Hacker News new | ask | show | jobs
by golergka 1121 days ago
That's literally 300 something lines. I'm buffled, 5k PRs aren't that rare at work.
7 comments

You genuinely review 5k LOC PRs?

If I was doing a proper review of a PR that big and making sure you understand how everything works that would easily take multiple days and generate 10s-100s of comments.

In reality I would flat out refuse to review it. Even 1k is very large without being broken down.

The only time I see PRs that big at work are cleanups (E.g. deleting whole directories), automated linting changes across the whole codebase and large structural refactors (E.g. changing directory structure).

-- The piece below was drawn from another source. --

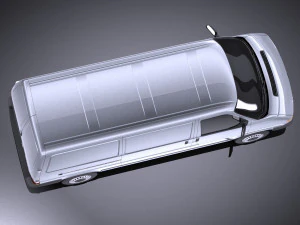 Volkswagen T4 Van 1990-2003 vray 3D Model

Almost every time I’ve reviewed a 1k+ LOC PR, even if it’s from a really experienced and good engineer, it has introduced a bug. Obviously I’m not gonna say it at work, but changes that big are too hard to properly review and consider all side effects and gotchas
It's also more difficult to bisect to find the actual bug. Small commits have a lot of advantages.
What is being changed matters.

To use an analogy: if you wanted to reupholster my car seats, or spice up the radio panel, sure knock yourself out - I'll come check when it's done. But if you were to as much as think about tightening or loosening a single screw anywhere near the engine block, believe me I will be paying very close attention to what you're changing.

That would be a reason to never accept the PR; not to auto-accept it.
I’d hate to work there. I’d rather review small chunks and merge often than review 5k lines that could be built on a shaky foundation/idea
Best team I've ever worked with. 5k was on the larger side, sure, but technically difficult tasks often just can't be split into a series of smaller pull requests.
I am always amazed that many people with significant experience are so resistant to this idea. For what it's worth, my experience matches yours entirely: many significant changes can't be meaningfully committed in small chunks, they only make sense as an all in one.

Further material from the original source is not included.